A Glimpse at Happiness

glimpse_cover

Jean's new novel, A Glimpse at Happiness, will be launched next week (19th November)

Buy No Cure for Love from Amazon.com

No Cure for Love

No Cure for Love

The East End brought them together... and tore them apart 

Read more...

Buy No Cure for Love from Amazon.com

Frequently Asked Questions

 

I though I would answer some of the questions I’m asked when I do talks and am at literary conferences.

When did I start writing?

I started writing about 6 years ago when I was a manager in the NHS. My bosses sent me on to a training course for stress management.  On the course recommended that to reduce stress at work the participants should undertake some form of recreational activity.  I have always loved historical romance and often thought would love to write one.  So I open my laptop and started to tap away.  After a couple of months I found I'd written a whole story.  I could not believe it, I had actually written a book but was any good? I really didn't know, but I had another story in my head so I started typing again. A few months later there was another one. Oh my goodness! Then my dear husband stepped in and said that I couldn’t just keep typing way I should try to get them published. I searched the web and found the Romantic Novelist association. I joined their New Writers Scheme in 2003 and I have never looked back. 

Have you always wanted to write?

I have always wanted a time machine actual! But as that hasn’t been invented yet, I travel back in time in my imagination. Seriously, I didn’t know I could write and it was a bit of a surprise to find that I could. But now the cork has been popped from the bottle, so to speak, I can’t stop.  I have stories forming in my head all the time.

Do you like any particular period of history?

I love all periods of history, but I love the 18th century it was such a period of change as the modern world was invented. It was a time of expansion and social movement and I love it. I particularly like to explore the impact the great upheavals of that century had on ordinary people. I am also passionate about historical accuracy. I try to weave real event alongside my characters and set them truly in time and space.  If someone walks down a street to somewhere in the story that street actual existed.  While we can never be totally sure of how people lived in the past there is enough primary sources evidence available to the writer to give their story the feel of the period it was set in. I research all my book thoroughly, but until they invent that time machine I will continue to use diaries, newspaper accounts, paintings or early photographs.  I also visit museums to study coaches, train carriages and other detail like gas lamps.  I am a very visual person so if I see it or touch it I can blend the detail into the story more easily.   

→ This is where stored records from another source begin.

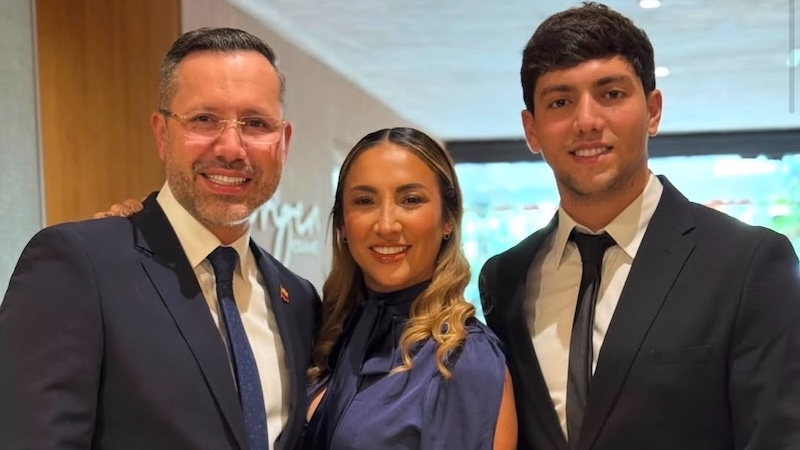 Minvivienda y su jefe se ríen de los  miles y miles de víctimas del sismo
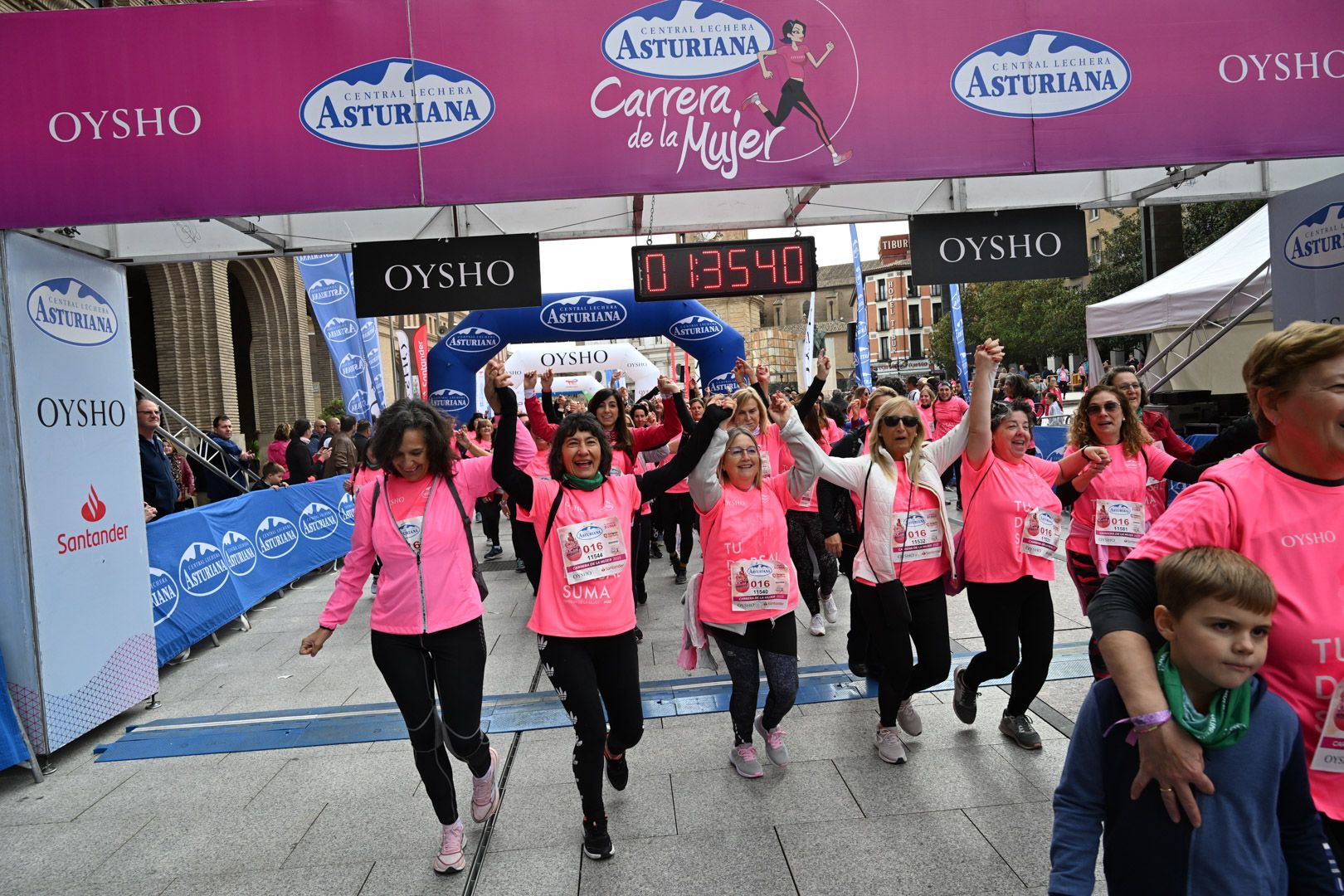Todas las fotos de la Carrera de la Mujer de Zaragoza 2023. 9108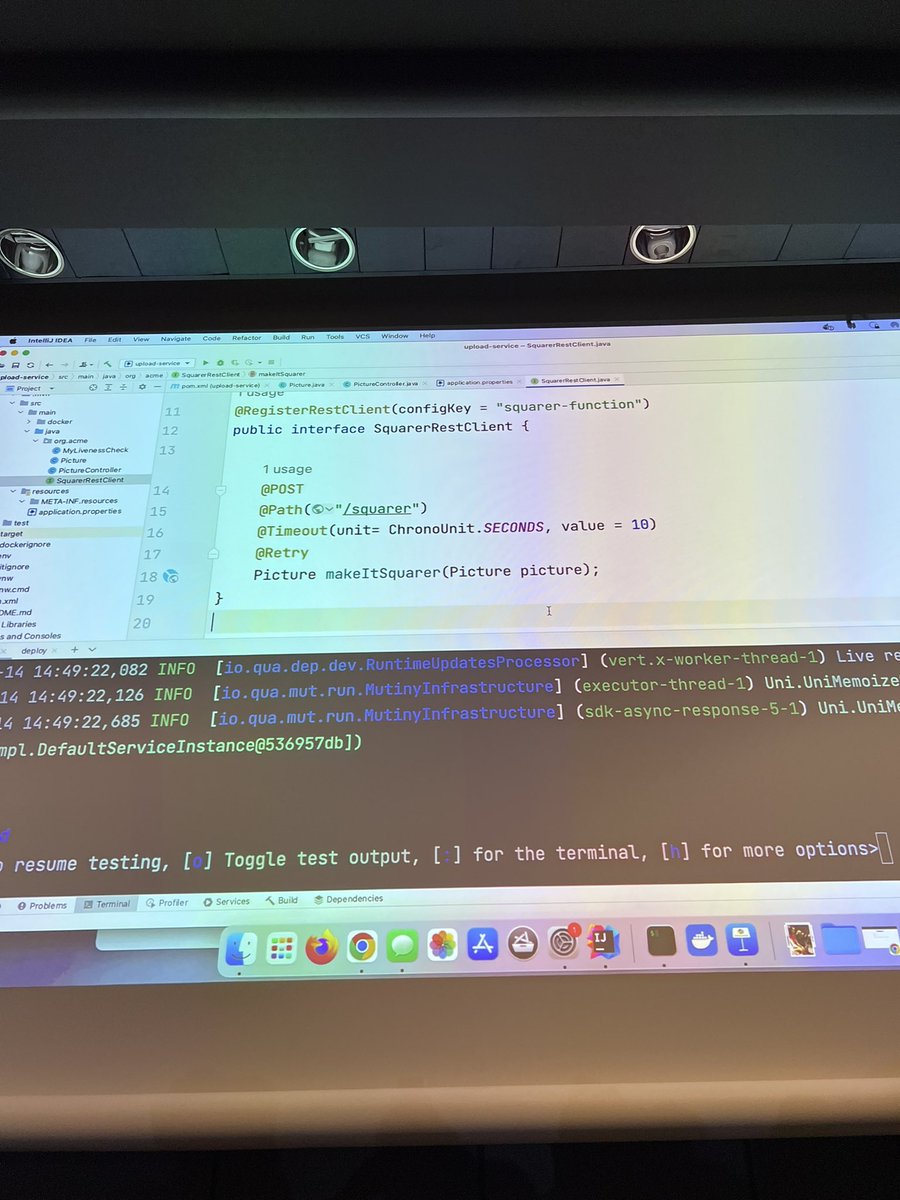 antoine_sd's tweet image. Des vrais bout de #MicroProfile #FaultTolerance dans la démo #Quarkus 3. Mon petit cœur d’ex-speclead se remplit de joie. Merci @clementplop et @auritamh #DevoxxFR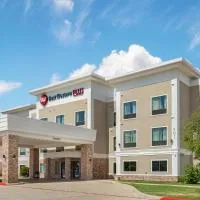 Best Western Plus Bay City Inn & Suites، فندق في باي سيتي
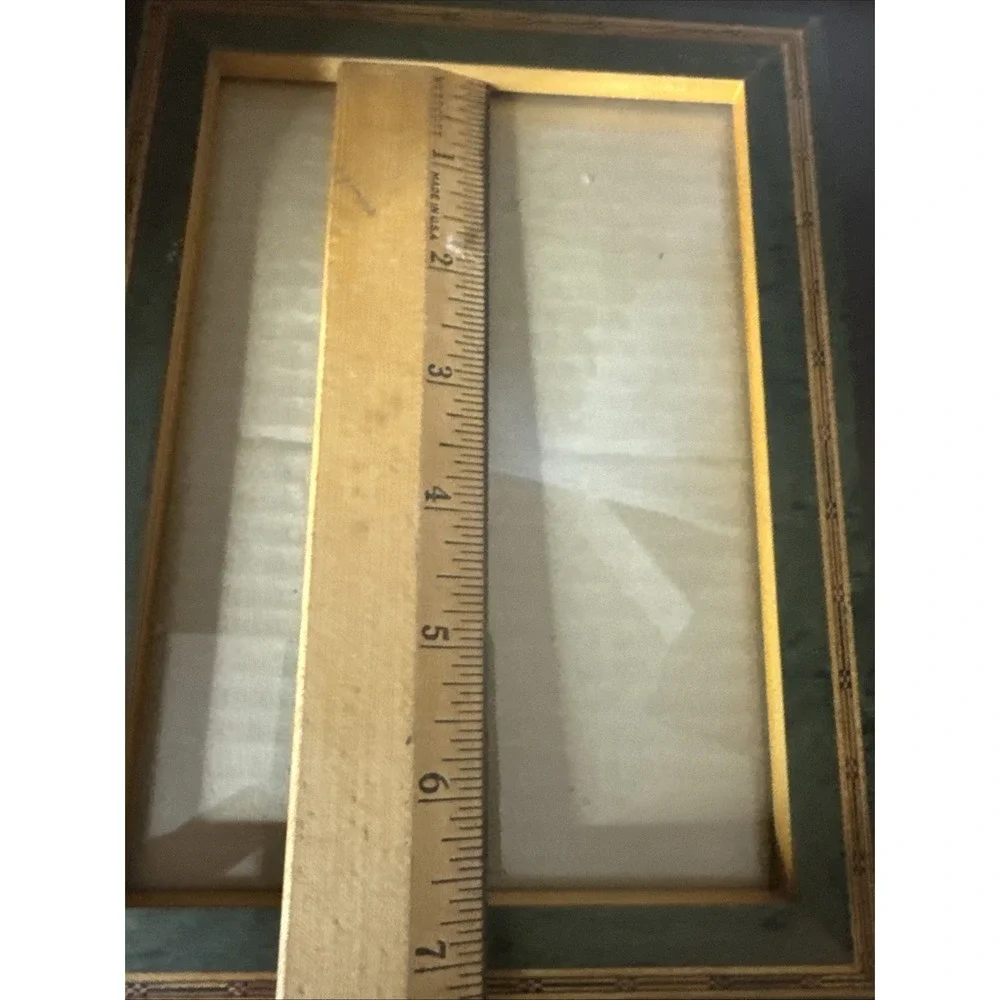 VTG Dark Green Wood Picture Frame W/ Inlay Accent  5x7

How do you start a new book?

Firstly, the process is different for each author. So any aspiring authors out there don’t take what I do as a template for what you should do. My priority when I start a new story are the characters. It is the hero and heroine who move the story forward. They have to be strong and vibrant so that they capture the readers’ imagination immediately.  My aim is that readers of all ages, will fall in love with them.  I have the whole story planned out in my head so I know where it going and how it will end. It changes as I go through but I, and again that just my way, have toI get the idea from a small thing sometimes. With No Cure for Love I happened to pass the front of the London Hospital one day and though how the facade had stood much the same for over two hundred years. I then went on to muse of how man different doctors must have  walked up and down those steps.  Educated, well-healed men surrounded by some of the most lawless and deprived street in the capital.  How did they interact with the poor surrounding them, did their paths ever cross, did they fall in love? The following weekend I went on a writing workshop to Scotland headed up by Marina Oliver who owns StoryTracts and from those undeveloped first thoughts and a weekend in the beautiful Scottish countryside, No Cure for Love was born.

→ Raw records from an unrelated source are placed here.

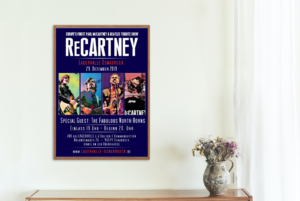 ein Plakat hängt an der Wand über einem Klavier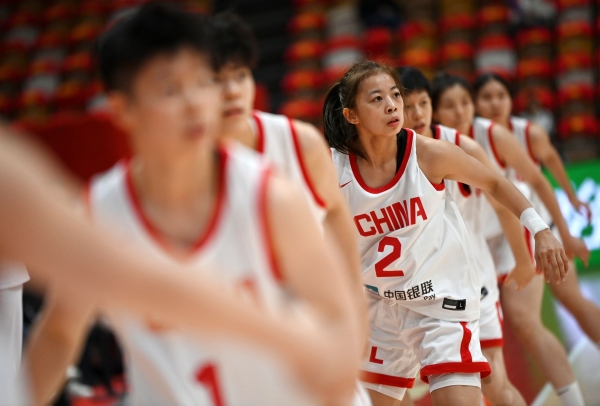 中國女籃熱身賽：中國女籃再勝尤文圖特女籃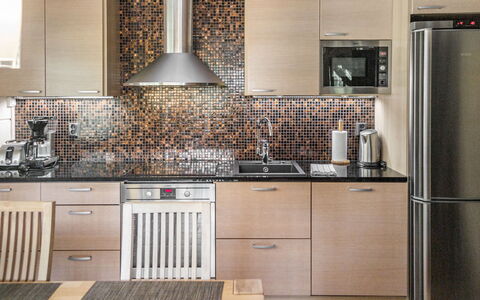 Villa Illi: Keuken, Toestel Van De Keuken, Countertop, Major Appliance, Interieur Ontwerp, Flooring, Cabinetry, Hout, Meubilair, Fornuis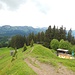 Über die wenige Meter unterhalb des Gipfels gelegene Hochälpelehütte schweift der Blick nach Süden zum zentralen Bregenzerwald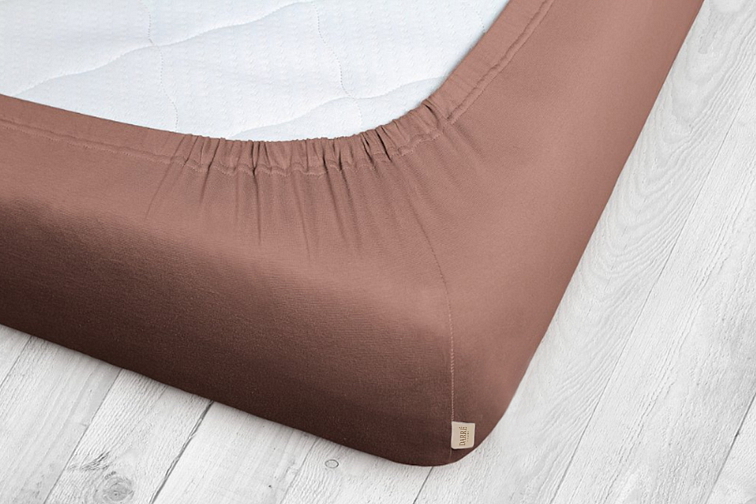 Jersey prostěradlo karamelové na výšku matrace do 20 cm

Where do I find my characters?

Now this makes me sound a little mad, but I see them in my head as I am writing. It takes about three chapters to get to know them properly but by then I know what they look like and what they will do in any given situation. Where they come from is a huge question and I suppose as I said earlier they comes from observation of people in real life.  

When do I write and is it only when you have the inspiration?

I don’t do mornings unless I have to, so from 2pm to 2am. I am an owl rather than a lark.  I write all the time. Inspiration comes when I open the document on the computer. That’s not to say I don’t struggle over it with re-writes and plot changes but if I actual waited until everything was clear I’d never finish a book.

What is the most difficult thing about writing?

Getting all the pieces of the plot in my head to fit in the story also letting a story finish. I  love my characters so much and get so embroiled in their action I am reluctant to say goodbye.

What is the most rewarding thing about writing?

The most rewarding thing about being an author for me is when a reader takes the time to contact  me and tell me how much they love my story. 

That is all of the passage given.